Et finalement, il y a la police de la Sécurité du Québec. Le gouvernement, semblerait-il, s'apprête, comme il l'a fait avec les médecins, à donner des augmentations selon les moyennes canadiennes. Si le gouvernement va de l'avant, on parlera d'augmentations qui vont dépasser facilement le 12 %.

À cela, il faut ajouter les nombreuses opportunités d'affaires pour les entrepreneurs, notamment les gros, à prendre des pans de services publics qui ne seront plus livrés par le secteur public. C'est d'ailleurs la carte invisible dans l'idéologie du gouvernement Couillard. Il y a ici beaucoup d'argent en jeu, des milliards! Et les intérêts privés sont avides d'aller mettre la main dans le secteur public. Et qui paiera pour ça ? Les citoyennes et citoyens! Une fois au privé, les coûts de ces services ne feront qu'augmenter. Nous nous retrouverons rapidement à payer beaucoup plus cher pour des services de moindre qualité et sans expertise publique pour juger de la valeur des services livrés.
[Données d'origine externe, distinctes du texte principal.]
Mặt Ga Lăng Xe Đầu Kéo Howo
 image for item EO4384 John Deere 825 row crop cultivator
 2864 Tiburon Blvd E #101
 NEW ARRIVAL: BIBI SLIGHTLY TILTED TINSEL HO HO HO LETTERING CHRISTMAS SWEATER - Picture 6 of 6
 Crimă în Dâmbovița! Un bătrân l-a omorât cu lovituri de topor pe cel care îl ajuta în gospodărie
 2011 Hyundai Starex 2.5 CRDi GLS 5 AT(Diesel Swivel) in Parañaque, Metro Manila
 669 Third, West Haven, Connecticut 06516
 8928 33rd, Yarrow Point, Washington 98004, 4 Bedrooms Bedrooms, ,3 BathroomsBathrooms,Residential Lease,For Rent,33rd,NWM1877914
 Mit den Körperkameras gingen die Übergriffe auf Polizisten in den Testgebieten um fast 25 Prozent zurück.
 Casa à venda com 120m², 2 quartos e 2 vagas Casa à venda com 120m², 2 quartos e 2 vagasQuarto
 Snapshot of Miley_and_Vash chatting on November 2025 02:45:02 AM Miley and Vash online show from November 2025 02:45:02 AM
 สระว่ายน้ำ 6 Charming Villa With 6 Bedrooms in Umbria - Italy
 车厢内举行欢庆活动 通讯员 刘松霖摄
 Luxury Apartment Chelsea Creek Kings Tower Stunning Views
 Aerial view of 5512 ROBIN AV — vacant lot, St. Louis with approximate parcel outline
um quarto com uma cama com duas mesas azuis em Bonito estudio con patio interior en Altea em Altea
C'est un drôle de paradoxe, mais la promesse de Couillard de couper les impôts va coûter plus cher pour la vaste majorité de la population. Nous allons payer des tarifs beaucoup plus élevés, où nous aurons à payer pour les services dont nous avons besoin dans le secteur privé. Le privé n'est pas capable de générer des économies d'échelle pour offrir à moindre prix des services comparables à la population. En plus, la première obligation pour une compagnie privée est de faire un profit. C'est donc pour ces raisons que les soins de santé sont beaucoup plus chers aux États-Unis, et pourquoi l'accès n'y est pas universel. Même chose sur nos prix d'assurance automobile. Grâce à la présence de la SAAQ, nous payons beaucoup moins cher nos assurances qu'ailleurs en Amérique du Nord.

Nos gouvernements à Ottawa et à Québec sont en train de conditionner l'opinion publique. On veut monnayer la privatisation de nos services publics contre la promesse de baisses d'impôts (qui seront pourtant très petites pour la plupart du monde). Mais le monde ordinaire va devoir payer beaucoup plus cher pour les services dont il a besoin. Le coût de la vie va augmenter de façon importante.

Si je comprends bien la logique de ce gouvernement, ce n'est pas si grave si le coût de la vie augmente de façon significative. Tout ce qui compte, c'est qu'on donne moins d'argent à l'État.

Ce que le gouvernement n'a pas le courage de dire par contre, c'est que cela servira uniquement les intérêts des mieux nantis. Pendant ce temps, la majorité de la population verra son pouvoir d'achat diminuer.